Rick snarled it, though who gave him the right I don’t know, as I didn’t ask him to. And he jumped up, all ready to make himself objectionable. But the guy did not get upset. He said, “I do. I’m kind of curious about her. And you don’t mind, do you?” So with that he opened his coat, and out from under his arm was peeping the butt of a gun.
“...No, I don’t mind. OK.”
“OK, what?”
“OK, sir.”
“I thought that’s what you meant. Sit down.”
Rick sat down again, and I told him, “These gentlemen want something, Rick, that has something to do with my coat, and I’ll thank you to cool it now and let them say what’s on their mind.”
“OK, Mandy.”
“We’re not using names today.”
That was still the good-looking guy, who seemed to do most of the talking. He went on, “Call me Pal. My friend here, my sidekick, call him Bud. The young lady already has answered to Beautiful, and you can be Chuck. Are we all straightened out on that?”

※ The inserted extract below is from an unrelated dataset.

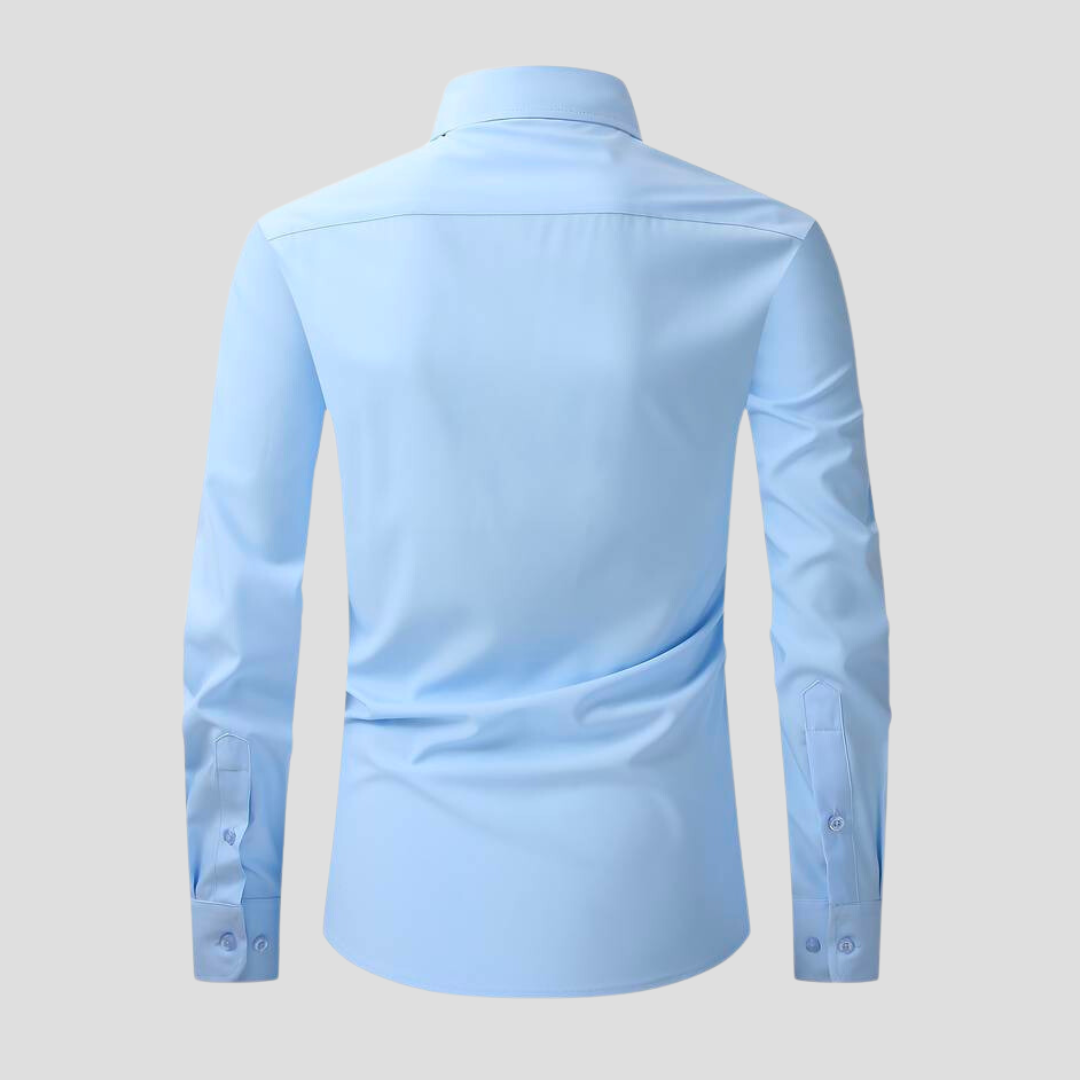 Men's Non-Iron Business Shirt Timeless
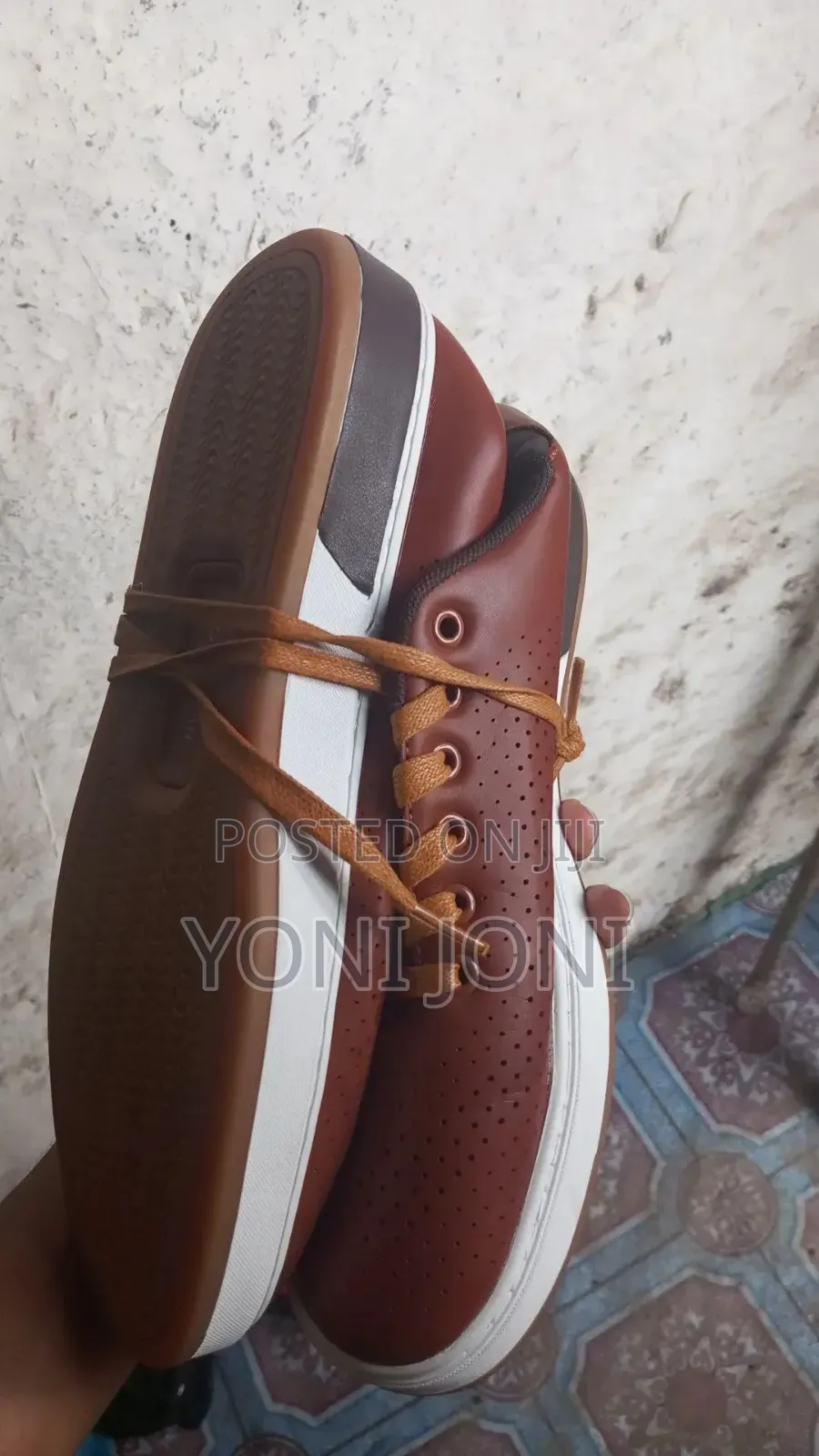 Cole Haan Flat Shoes Original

Rick and I both said we were, and he pumped at me some more. “OK, Beautiful, you haven’t answered me what I asked. You want a mink coat, is that it?”
“You seem to know. How?”
“It’s what you said, there in the beanery.”
“Oh, you were in there too?”
“In the booth, having breakfast, yeah.”
“Well, who doesn’t want a mink coat?”
“And you’d do what it takes to get it?”
“I’d like to hear more before answering that.”

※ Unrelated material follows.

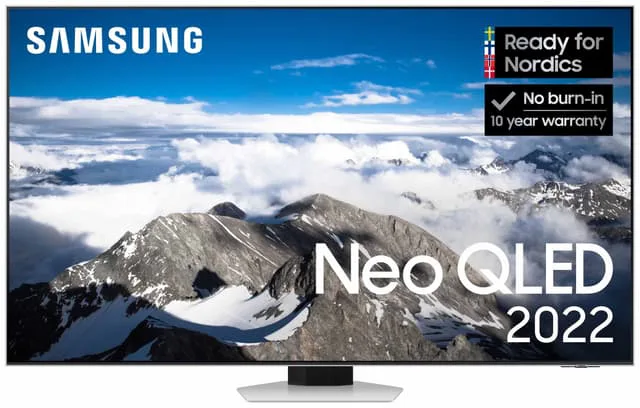 Samsung 75" QN85B 4K Neo QLED Smart TV
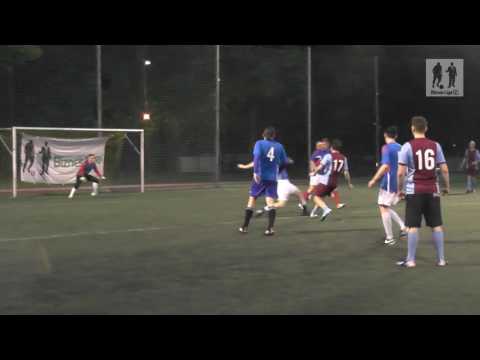 30.05.2016 III Liga A - SSC Internazionale vs. BWI Group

Because it came to me, if I had to sleep with him, or perhaps with the both of them, I wasn’t so sure anymore that I’d do what it took, irregardless of what it was. But then he really surprised me. What I said was “What would it take to get it? What are you getting at?”
“Like robbing a bank, Beautiful.”
“...Are you being funny?”
“Is that funny to you?”
“Well, I guess not. Not really.”
“It’s not funny to me either. OK, ’stead of all that beating and batting and banging around the bush, putting you in a pool, or whatever their idea was back in the greasy spoon, I got a proposition for you that’ll get you a mink coat today, a coat you can wear tonight, swing if that’s what you like in some club. And pretty as you are, you’ll be something to see. So what do you say? Will you do what it takes or not?”

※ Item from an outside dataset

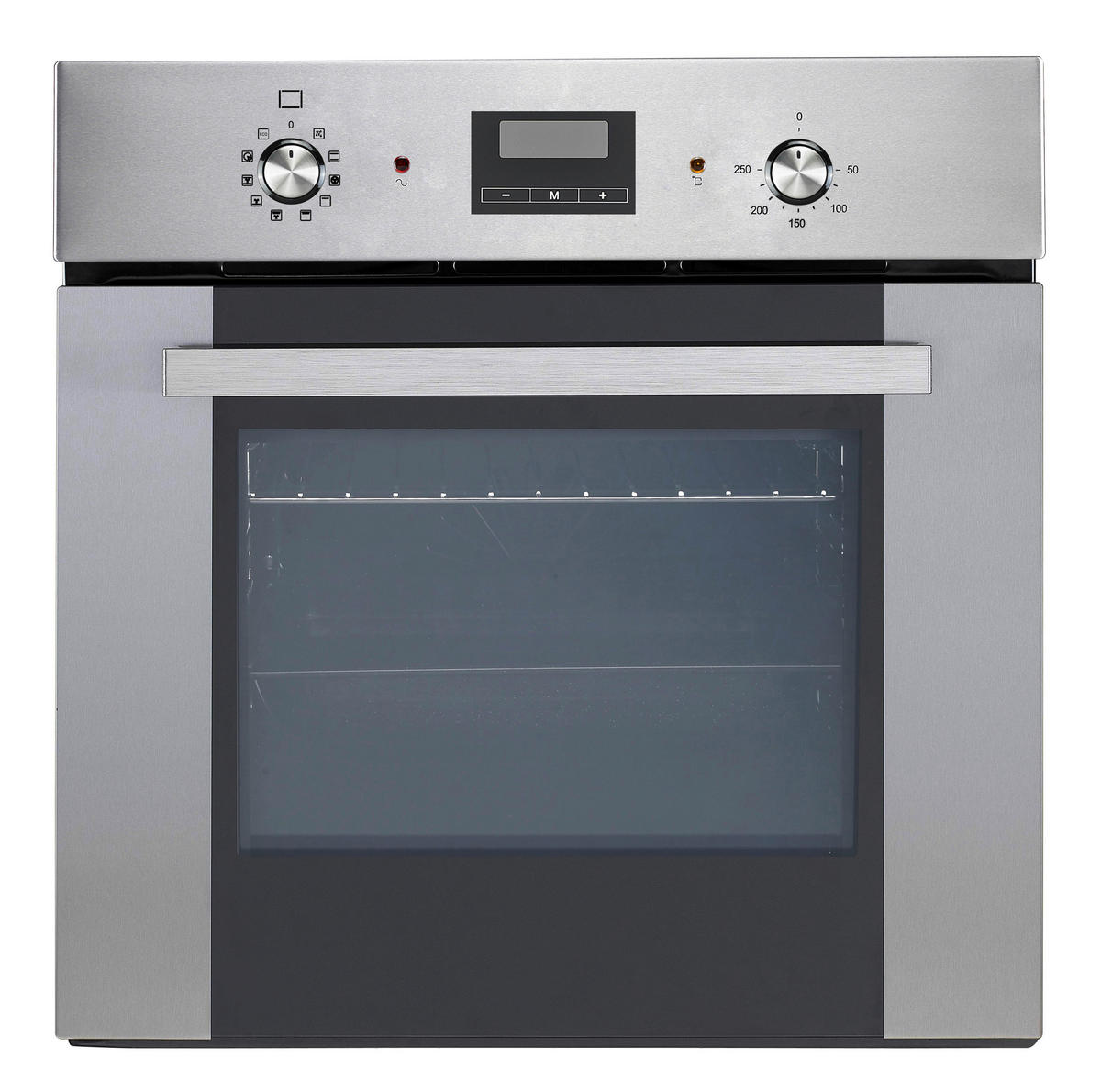Respekta Küchenblock Premium grau Hochglanz B/H/T: ca. 270x220,5x60 cm Premium - weiß/granit (270,00/220,50/60,00cm) - Respekta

“I say maybe, but I have to know more about it.”
“That answer pleases me.”
He turned to his friend, Bud, who nodded and said, “We don’t want no silly Jane that’ll jump off the roof if you tell her to. If she wants to hear more, it proves she’s got some sense.”
“Beautiful, what do you want to know?”
“In the first place, on something like this it takes people who know what they’re doing, so why would you want me, who knows nothing about it at all? Or do you want both of us? Or what?”
“...You done?”
“Well, that’s what I want to know
first.
”
“OK, we did have a mob, exactly the right-size mob, because the way we work it takes four. We don’t go in, shove a note under the window, and take what the girl hands out. We clean the joint out, and to do it that way takes four: one outside at the wheel of the getaway car; and three in the bank, two of us holding guns, the other holding the basket while the girl throws money in it. But the mob we did have we don’t have, not anymore we don’t. Because two boys who’ve been helping us out, two brothers who know their stuff, when we went to wake them this morning, one was stoned on horse, and the other wouldn’t leave him. So that puts us in the hole. But the job, if it’s going to be done, has to be pulled today. Today’s when the money is there, the extra payroll cash, and we dare not put it off, as maybe the word gets around, maybe the air smells funny, maybe something tells the cashier and he plays his hunch. From being in the hole we’d be in the soup, which we don’t really enjoy. Make a long story short, if today is the day, we need someone, and you fell into our lap—on account of you wanting that mink coat. Now, does that clear it up for you?”
“Well...yeah. I guess so. A little.”
“Chuck?”
“...There’s just one thing: so she wants a mink coat and that’s why you picked us out. But why would you trust us on something like this? How do you know I won’t call the cops? Phone from the motel and tell them there’s a couple of guys outside fixing to rob a bank.”